Dopo i recenti fatti di cronaca che hanno coinvolto la rete nostrana avanza la proposta di Legge n. 3139 in discussione domani
Era il 20 maggio del 2015 e il Senato della Repubblica approvava questa proposta di Legge circa la tutela dei minori per la prevenzione e il contrasto del fenomeno del cyberbullismo. L’8 settembre di quest’anno, le commissioni permanenti II e e XII, rispettivamente Giustizia e Affari Sociali, hanno deliberato di riferire favorevolmente sulla legge, che prevede una serie di iniziative specifiche, tra cui quella della deputata Marzano e dei vari Santerini, Fauttilli, Sberna.

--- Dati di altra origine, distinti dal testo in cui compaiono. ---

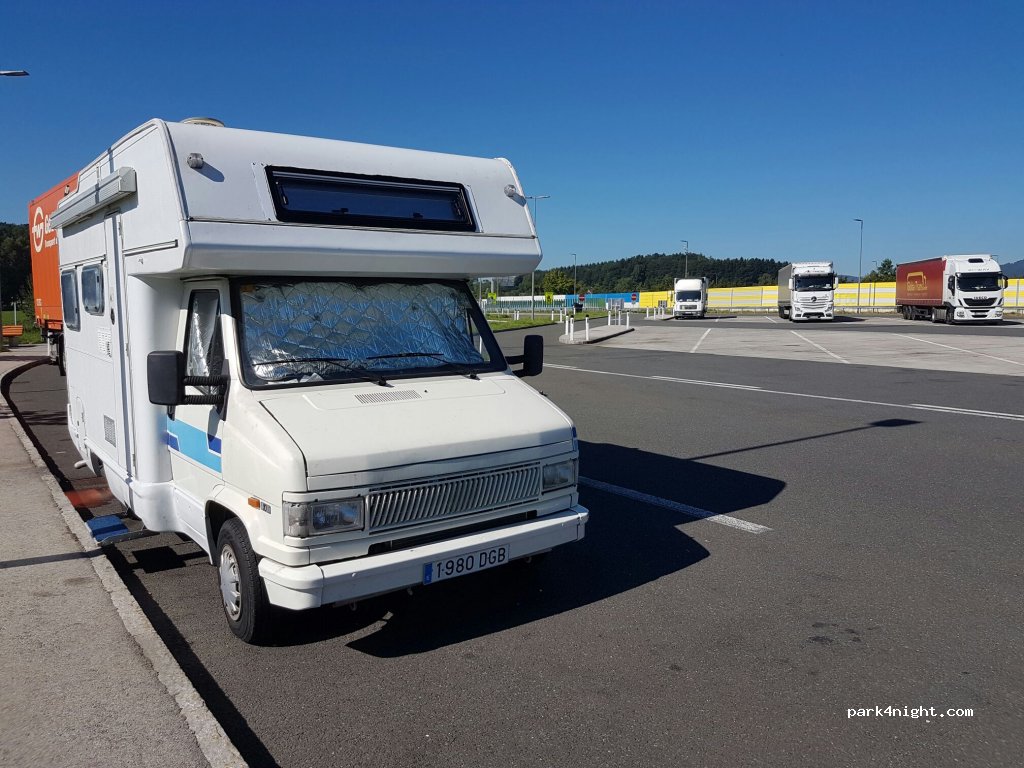 (4880) Strass im Attergau - Westautobahn — foto
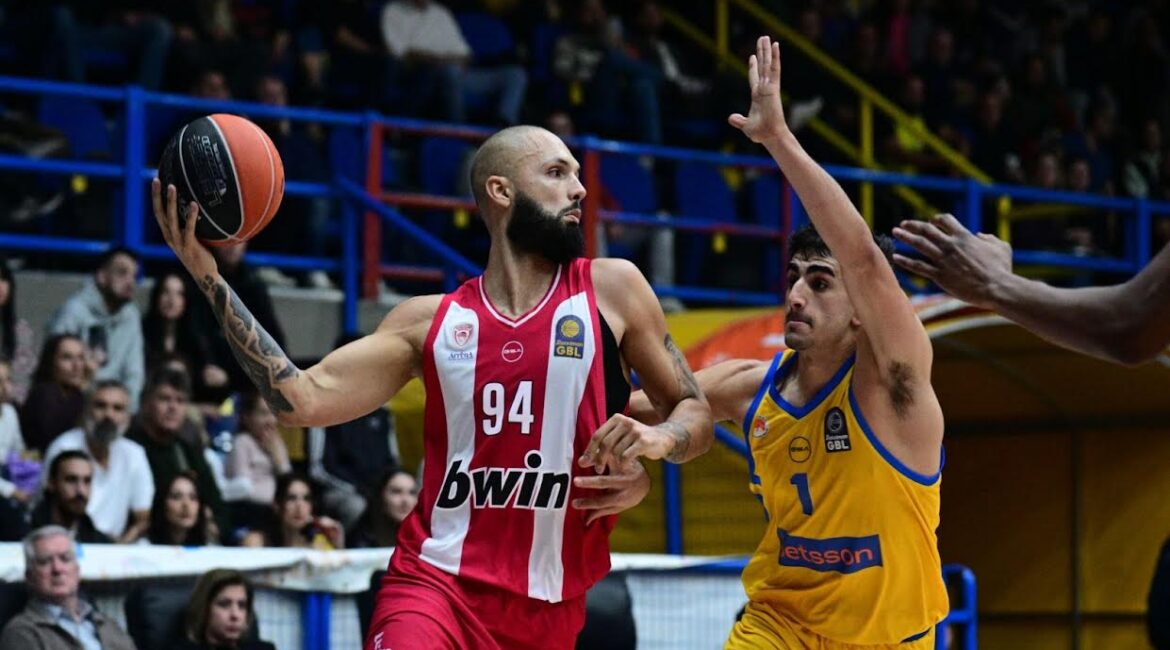 Ο Ολυμπιακός επικράτησε με 105-62 του Περιστερίου στο κλειστό «Ανδρέας Παπανδρέου»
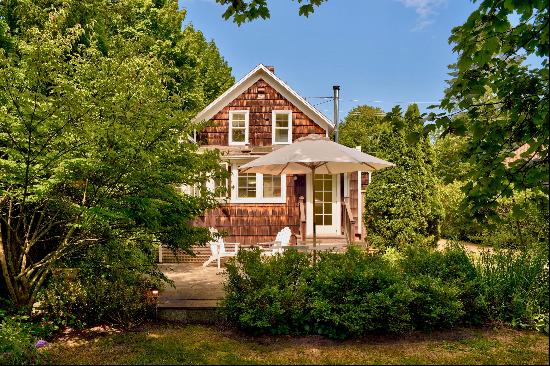 Charming Farm House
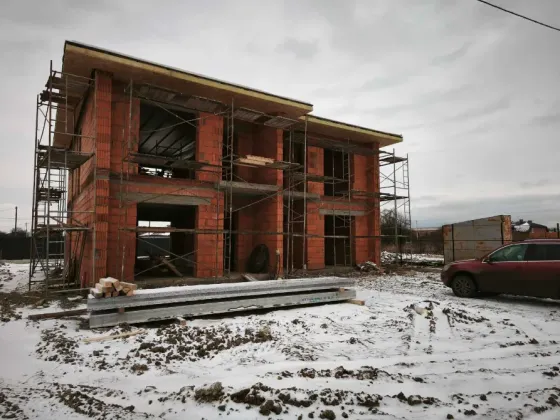 Продаж 2-поверховий Дуплекс з ділянкою 3.5 сот 140 кв.м 4 кімн. на Мінська Ужгород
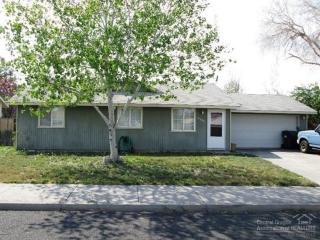 2025 31st St, Eagle Crest, OR 97756-8045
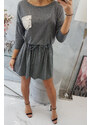 K-Fashion Flitrové šaty s kapsami v grafitové barvě
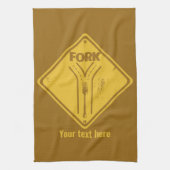 Gabel auf der Straße lustiges Verkehrszeichen Geschirrtuch (Vertikal)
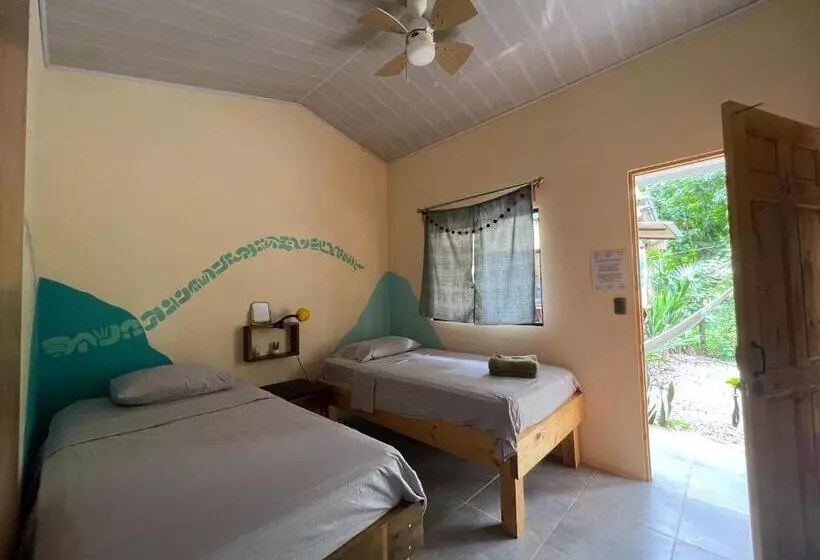 Hotelli Casitas Jungla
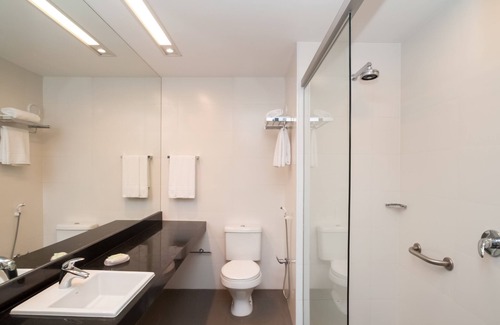 Rio de Janeiro Hotel | Discover Linx Galeão: Poolside Relaxation and Spa Retreat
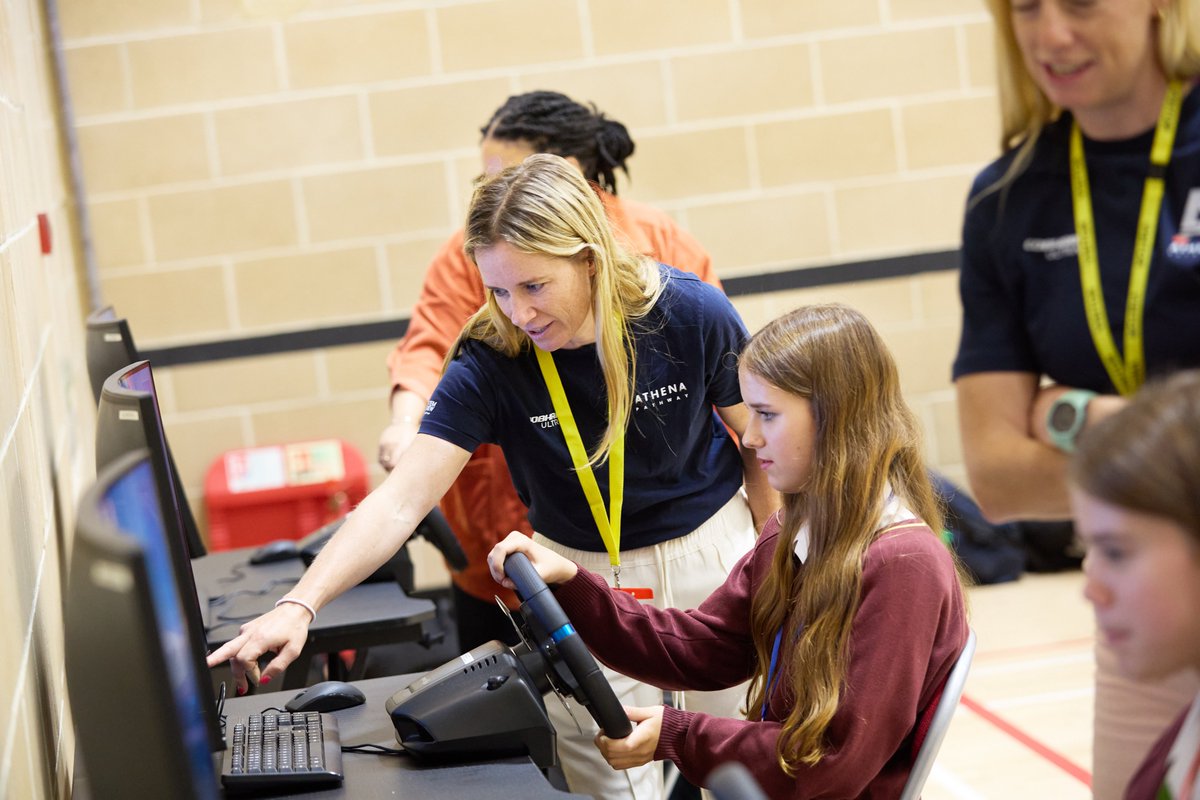 GB1Racing_'s tweet photo. Final stop of the #STEMCrewCobhamUltra roadshow in Oxford today! Awesome work by @STEM__Crew supported by our official charity The 1851 Trust Cobham Ultra and @AthenaPathway
Together we are using sport to inspire the next generation of STEM leaders! ๐ก๐ #STEMCrew #AmericasCup https://t.co/VmvnwFVap4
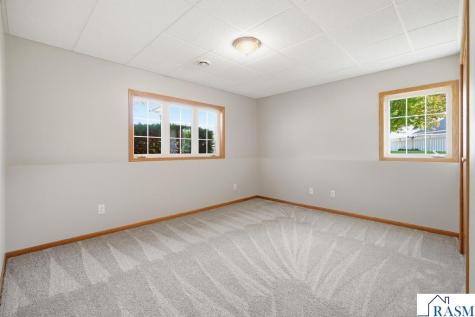 112 Bunker Court Mankato MN 56001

E’ la legge che serve per evitare casi come quelli della ragazza suicida dopo i video pubblicati in rete dai 4 conoscenti? Secondo qualcuno no.
Cosa succede
Come scrive BoingBoing, quella che si prospetta in Italia è la più “stupida censura nella storia dell’Europa“. Perché? “La legge non fermerà il bullismo, la molestia o il cosiddetto revenge porn. La maggioranza dei servizi che gli italiani usano non sono stanziati nei limiti della nazione e quelli che attualmente prevedono uffici lì, potrebbero semplicemente spostarli altrove per evitare sanzioni”. Il motivo è che, stando alla proposta 3139, la commissione specifica potrebbe obbligare siti web, personali e appartenenti ad agenzie media, social network e giornali, a censurare certi contenuti che si presuppone violino “condizioni sociali e personali” delle vittime. Nel calderone non andrebbero dunque a finire solo evidenti atti di prevaricazione della propria persona ma tutto ciò che un individuo può considerare lesivo e a suo danno. Per evitare tutto ciò, chi ha un business digitale in Italia, che preveda una qualsiasi forma di “user generated content“, avrebbe tutto l’interesse nello spostarsi all’estero, dato che la legge vale per chi ha server locali. Il deputato Stefano Quintarelli ha proposto qualcosa di diverso, un emendamento che rende la proposta più consona a uno stato di diritto: la ricezione di un avviso di censura, da parte del gestore di un sito web, non aprirebbe le strade a una multa immediata, che nell’ottica dei fautori originali potrebbe arrivare anche a 100.000 euro, ma avvierebbe una causa civile, qualora l’interessato non voglia rispondere positivamente all’invito di cancellazione delle informazioni oggetto dell’analisi. Il Parlamento risponderà domani alle interrogazioni sul testo.